“Mi chiamano vu cumprà, ma mio figlio sarà avvocato”

Un giorno del 1988 arrivò in Italia un uomo mite, la pelle d’ebano e le tasche piene di sogni. Veniva dal Senegal, non aveva nemmeno trent’anni e si chiamava Alì. Cercava un futuro dignitoso per i suoi figli e una vita migliore di quella passata a immaginarla. Si mise a vendere accendini per le vie di Milano, ogni tanto ne consumava qualcuno per scaldarsi le mani e mai ne ha offerto uno ai passanti senza un sorriso. «Quelli come me qui li chiamano vu cumprà» spiegò a sua moglie in una delle prime telefonate a casa. «Mi sento come un ladro ma tu lo sai che io non lo sono e con l’aiuto di Dio ce la faremo a costruire una casa in questa terra. Tu, io, i nostri figli».
Francesca Fialdini, «Il sogno di un venditore di accendini» (Citta Nuova)
Francesca Fialdini, «Il sogno di un venditore di accendini» (Citta Nuova)
Sono passati quasi trent’anni. Oggi Alì vive a Casalpusterlengo, alle porte di Lodi, con la moglie e i suoi tre figli. E i sogni coltivati con fatica e tenacia hanno dato forse più frutti di quanti lui stesso ne aspettasse. La casa tanto desiderata, un lavoro da operaio per lui e uno da domestica per sua mogie. Stipendi modesti ma Alì se li è fatti bastare: ha risparmiato un centesimo dopo l’altro per l’istruzione dei suoi figli e adesso il suo primogenito Abdoulaye Mbodj, per tutti Abdou, è il primo avvocato africano del Foro di Milano, sua figlia è ingegnera civile e il terzo arrivato studia come perito agrario.

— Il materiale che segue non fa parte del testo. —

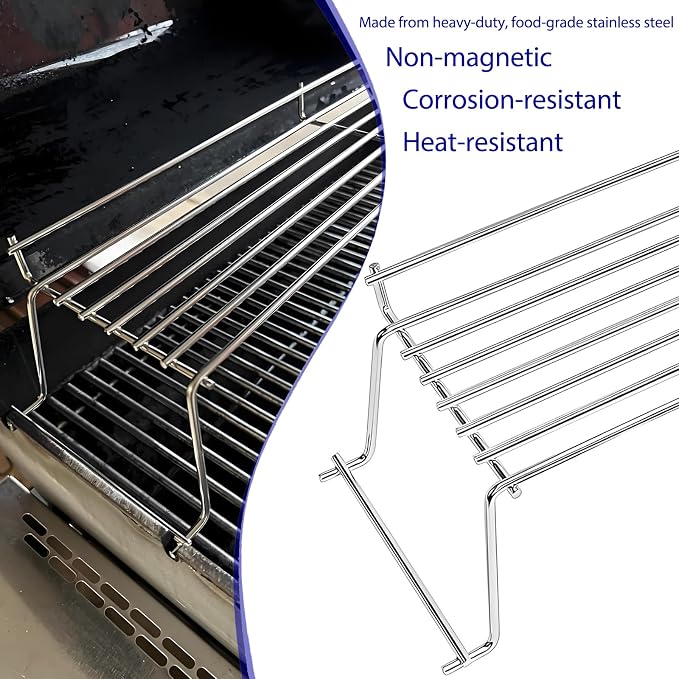 Warming Rack for Weber Genesis 300 Series, Genesis E310, Stainless Steel Grill - Image 3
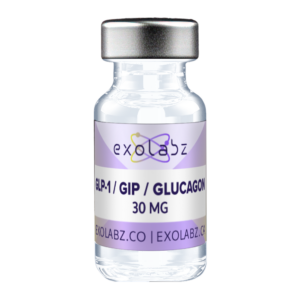 GLP-1/GIP/GLUCAGON 30mg research peptide vial - ExoLabz Canada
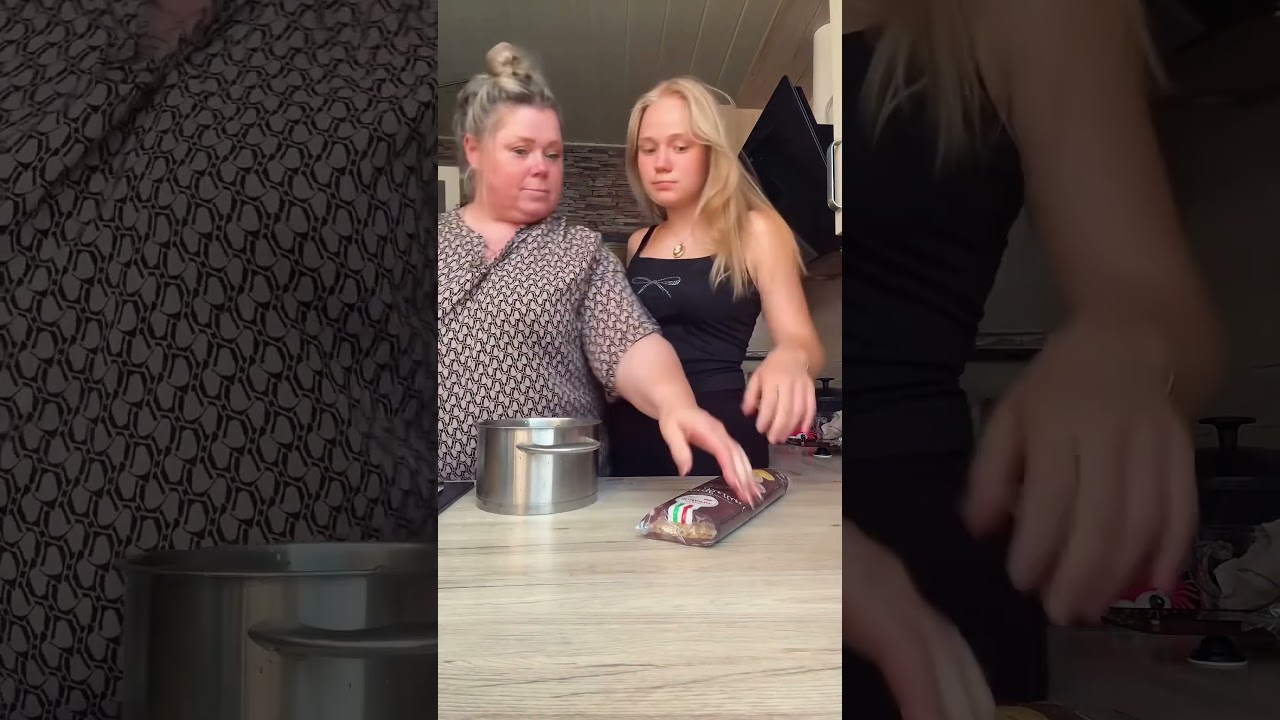 Hilarious Mom & Daughter Moment That Backfires 😂 #viralshorts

Di tutto questo ci racconta l’inviata e conduttrice Rai Francesca Fialdini nel libro Il sogno di un venditore di accendini (edito da Città Nuova, con un saggio finale di Gian Carlo Perego). Lo fa immaginando lettere che il capofamiglia spedisce a casa, nella sua terra lontana, o che il figlio scrive ai genitori quando — da grande — torna in Africa. Un romanzo, si annuncia in copertina. Ma basta cercare via Internet chi è Abdoulaye Mbodj per capire che questo romanzo (a parte i nomi che nel testo non sono quelli veri) in realtà è quasi cronaca, quasi vero più del vero.
È il racconto reale di un riscatto, di giorni e notti scanditi dalla fame, dalle umiliazioni, dall’incertezza. Finché un uomo buono, un italiano, non ha dato a quel padre che vendeva accendini una possibilità. Francesca ha conosciuto Abdou durante una premiazione, ha ascoltato la storia della sua famiglia e, come dice lei, «ne sono rimasta catturata, perché contiene in sé tutta la forza, l’umanità e la bellezza di chi sa lottare fino in fondo per realizzare i suoi sogni». Ma è anche una bella storia di mani tese, di italiani che hanno aiutato ogni volta che hanno potuto.
Abdou giura che «mai una volta mi sono sentito discriminato» e ricorda con emozione il suo primo giorno di scuola, «quando mi sono presentato col grembiule, scortato da papà e dal nostro vicino, diventato un amico fraterno». È stato tanto tempo fa. L’avvocato Abdou adesso ha 31 anni. Molti, moltissimi altri dopo di lui non ce l’hanno fatta. Ed è a loro che Francesca dedica il suo libro.